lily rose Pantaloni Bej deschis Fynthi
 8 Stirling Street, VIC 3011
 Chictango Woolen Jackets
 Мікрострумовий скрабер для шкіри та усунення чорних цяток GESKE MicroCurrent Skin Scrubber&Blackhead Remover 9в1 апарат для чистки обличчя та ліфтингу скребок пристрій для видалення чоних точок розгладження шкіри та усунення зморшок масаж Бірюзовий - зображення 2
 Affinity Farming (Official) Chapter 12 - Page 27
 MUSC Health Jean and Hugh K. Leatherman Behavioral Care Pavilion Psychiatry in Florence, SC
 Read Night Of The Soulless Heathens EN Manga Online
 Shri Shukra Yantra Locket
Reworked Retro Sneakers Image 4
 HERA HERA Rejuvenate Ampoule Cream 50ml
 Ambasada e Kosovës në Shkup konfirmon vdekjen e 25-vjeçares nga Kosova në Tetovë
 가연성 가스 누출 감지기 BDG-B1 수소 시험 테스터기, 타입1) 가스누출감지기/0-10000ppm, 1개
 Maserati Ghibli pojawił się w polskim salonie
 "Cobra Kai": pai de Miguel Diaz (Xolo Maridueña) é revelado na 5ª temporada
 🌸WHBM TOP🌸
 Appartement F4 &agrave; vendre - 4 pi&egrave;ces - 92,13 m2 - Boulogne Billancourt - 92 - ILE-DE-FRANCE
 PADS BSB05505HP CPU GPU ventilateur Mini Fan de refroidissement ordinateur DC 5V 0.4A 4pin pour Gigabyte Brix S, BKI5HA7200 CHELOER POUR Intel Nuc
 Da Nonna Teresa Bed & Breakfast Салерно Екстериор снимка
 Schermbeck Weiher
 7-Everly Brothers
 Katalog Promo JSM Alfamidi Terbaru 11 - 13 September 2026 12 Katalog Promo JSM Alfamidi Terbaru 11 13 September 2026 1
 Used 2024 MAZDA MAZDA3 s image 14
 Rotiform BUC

++++++++

Return each line of the data exactly as written above.

lily rose Pantaloni Bej deschis Fynthi
 8 Stirling Street, VIC 3011
 Chictango Woolen Jackets
 Мікрострумовий скрабер для шкіри та усунення чорних цяток GESKE MicroCurrent Skin Scrubber&Blackhead Remover 9в1 апарат для чистки обличчя та ліфтингу скребок пристрій для видалення чоних точок розгладження шкіри та усунення зморшок масаж Бірюзовий - зображення 2
 Affinity Farming (Official) Chapter 12 - Page 27
 MUSC Health Jean and Hugh K. Leatherman Behavioral Care Pavilion Psychiatry in Florence, SC
 Read Night Of The Soulless Heathens EN Manga Online
 Shri Shukra Yantra Locket
Reworked Retro Sneakers Image 4
 HERA HERA Rejuvenate Ampoule Cream 50ml
 Ambasada e Kosovës në Shkup konfirmon vdekjen e 25-vjeçares nga Kosova në Tetovë
 가연성 가스 누출 감지기 BDG-B1 수소 시험 테스터기, 타입1) 가스누출감지기/0-10000ppm, 1개
 Maserati Ghibli pojawił się w polskim salonie
 "Cobra Kai": pai de Miguel Diaz (Xolo Maridueña) é revelado na 5ª temporada
 🌸WHBM TOP🌸
 Appartement F4 &agrave; vendre - 4 pi&egrave;ces - 92,13 m2 - Boulogne Billancourt - 92 - ILE-DE-FRANCE
 PADS BSB05505HP CPU GPU ventilateur Mini Fan de refroidissement ordinateur DC 5V 0.4A 4pin pour Gigabyte Brix S, BKI5HA7200 CHELOER POUR Intel Nuc
 Da Nonna Teresa Bed & Breakfast Салерно Екстериор снимка
 Schermbeck Weiher
 7-Everly Brothers
 Katalog Promo JSM Alfamidi Terbaru 11 - 13 September 2026 12 Katalog Promo JSM Alfamidi Terbaru 11 13 September 2026 1
 Used 2024 MAZDA MAZDA3 s image 14
 Rotiform BUC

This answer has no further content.